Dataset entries
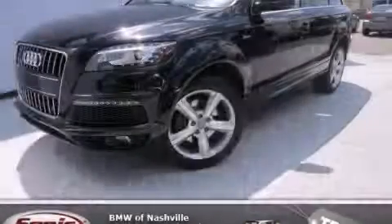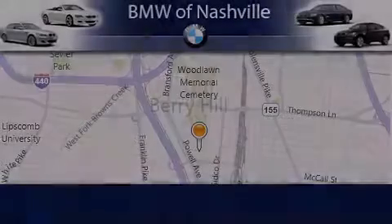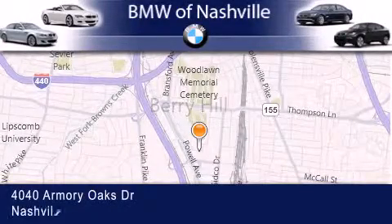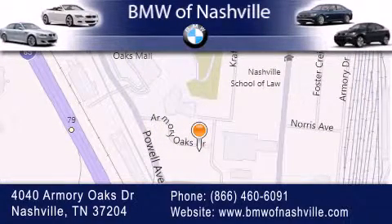Contact us today to arrange your test drive. BMW of Nashville is located at 4040 Armory Oaks Drive in Nashville. Our goal is to exceed all of your expectations to ensure that you'll return for future visits.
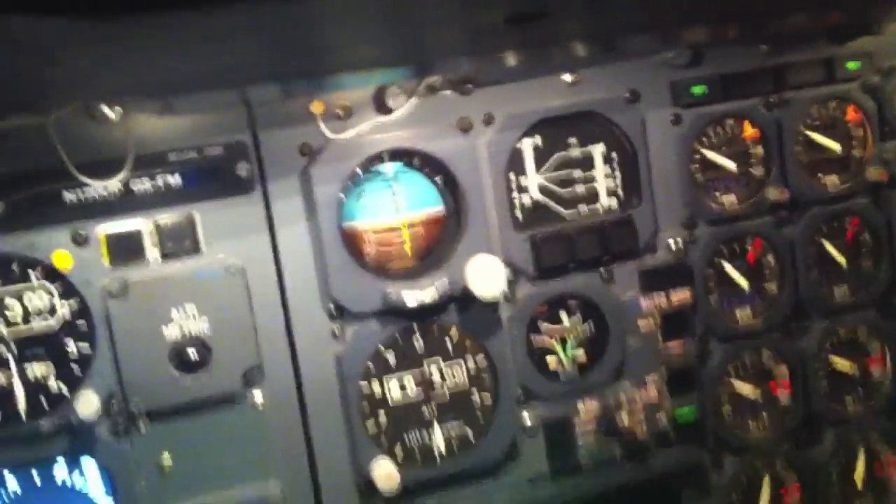Look at that! All I do is hit reverse thrust. The auto brakes come up by themselves, the spoilers come up by themselves. I go full reverse, and at 80 knots I go into idle reverse. At 60 knots I come out of reverse completely, and the airplane will stop dead on the center line — right to a stop.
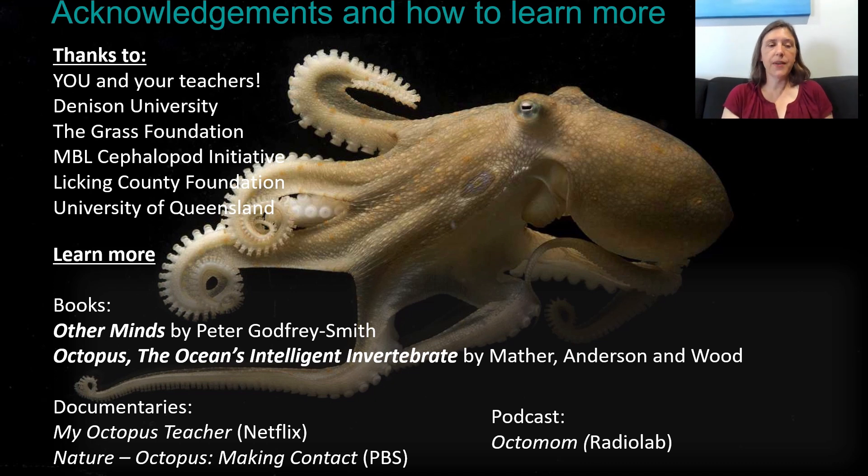Acknowledgements and how to learn more: I want to thank you and your teachers for watching this long video and learning all these things about cephalopods with me. Thanks to my home institution, the Grass Foundation who funded all of that work I did at MBL, the MBL Cephalopod Initiative for their tremendous help in training me to work with those animals, Licking County Foundation, and University of Queensland — the Licking County Foundation is supporting some of my work here and University of Queensland for hosting me. I've put a few things down here — books, documentaries, and even a podcast — if you want to learn more about cephalopods and their awesome behaviors.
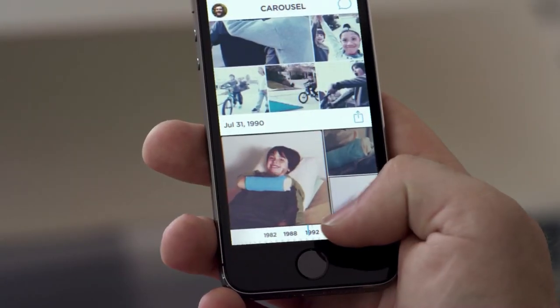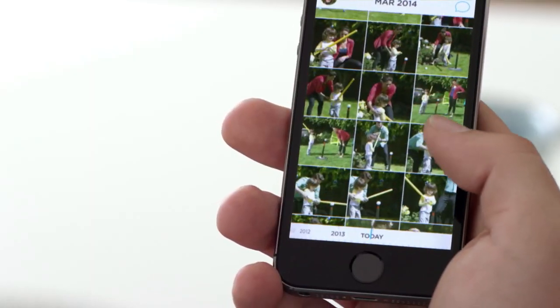Sharing and organizing photos is a huge problem. Carousel really aims to be the one home for your life's memories — that place where you can pull together everything you've ever taken, everything that's ever been taken of you that you want to keep. Pull them into one place where you have them, know that they're safe, and can access them from any device at any time.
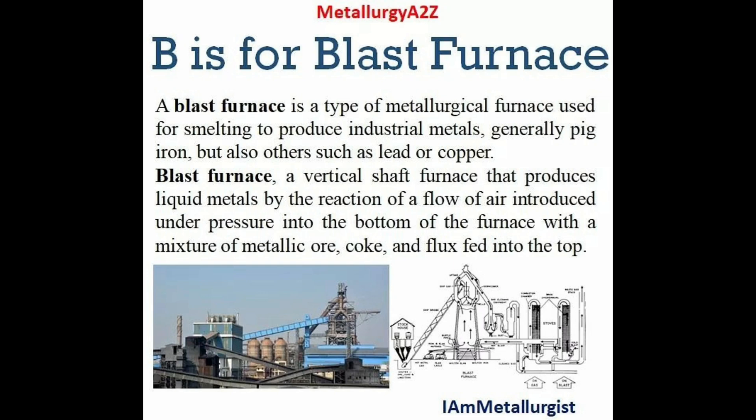Welcome to the Metallurgical Engineering YouTube channel. Stay safe and stay healthy. Today we are going to discuss the second letter of metallurgy A2Z, which is B.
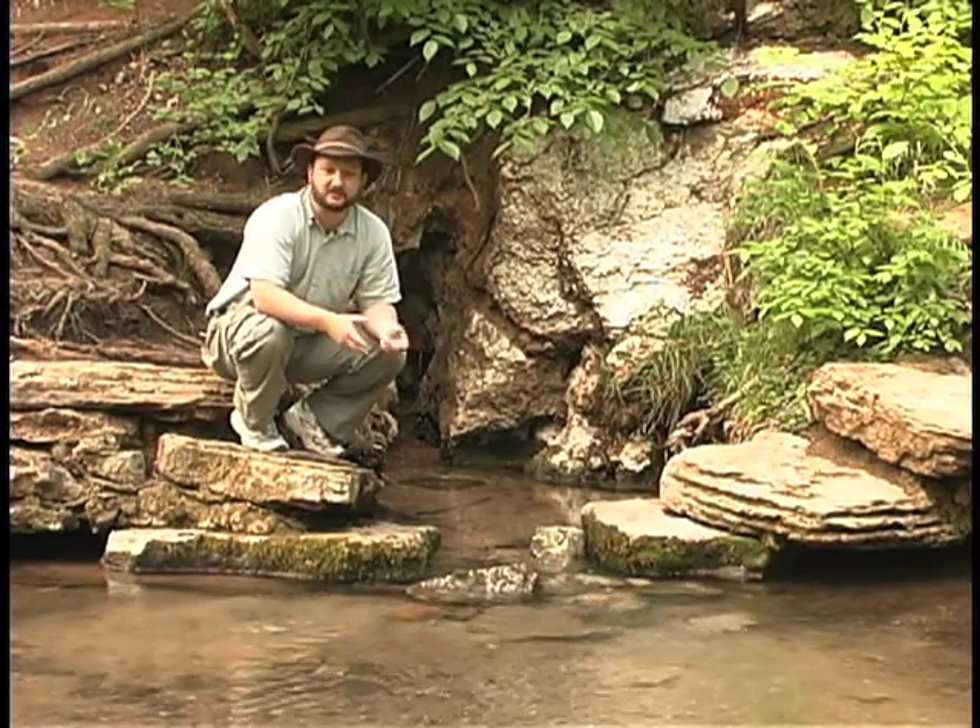Large springs like this develop along fracture systems within the rocks. You'll see a lot of rock outcroppings throughout the park.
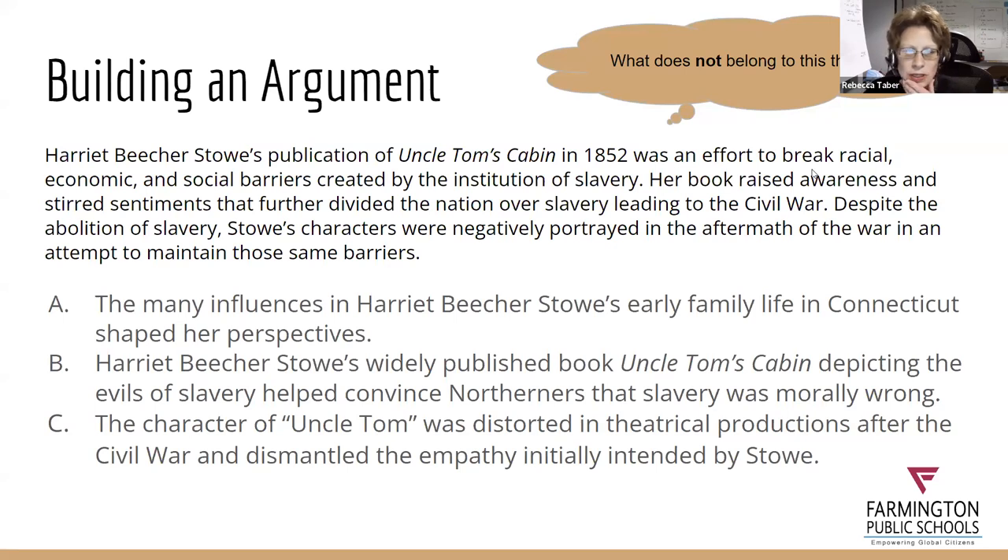Many projects — even ones that make nationals — include information that isn't germane to the argument. History Day is a historical argument, not a regurgitation report. It's not meant to be a biography. On page 219 of the student guide, there are statements of facts and arguable claims that you could cut up and have kids sort, then discuss why something is a statement versus an arguable claim — a great hands-on activity using examples right from the book.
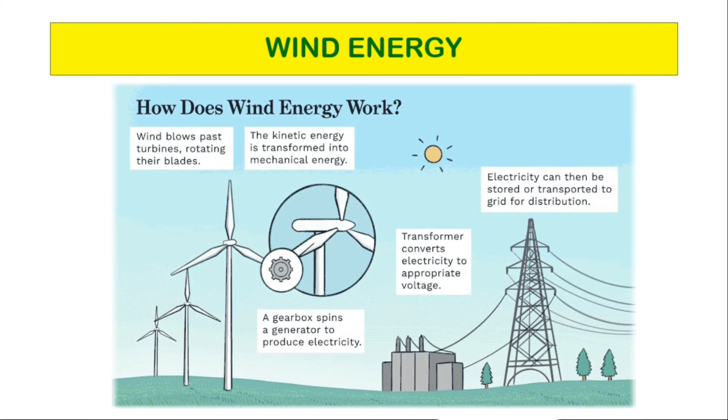Wind turbines convert kinetic energy in wind into mechanical power. This mechanical power can be used for specific tasks or can be converted into electricity by a generator. After solar energy, this form of energy is utilized in most parts of the world.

# [Assignment]
The lines from the one containing "Large springs like" through the end of the data above are to be copied exactly, both ends included, and pictures are to be omitted.

# [Result of the task]
Large springs like this develop along fracture systems within the rocks. You'll see a lot of rock outcroppings throughout the park.
Many projects — even ones that make nationals — include information that isn't germane to the argument. History Day is a historical argument, not a regurgitation report. It's not meant to be a biography. On page 219 of the student guide, there are statements of facts and arguable claims that you could cut up and have kids sort, then discuss why something is a statement versus an arguable claim — a great hands-on activity using examples right from the book.
Wind turbines convert kinetic energy in wind into mechanical power. This mechanical power can be used for specific tasks or can be converted into electricity by a generator. After solar energy, this form of energy is utilized in most parts of the world.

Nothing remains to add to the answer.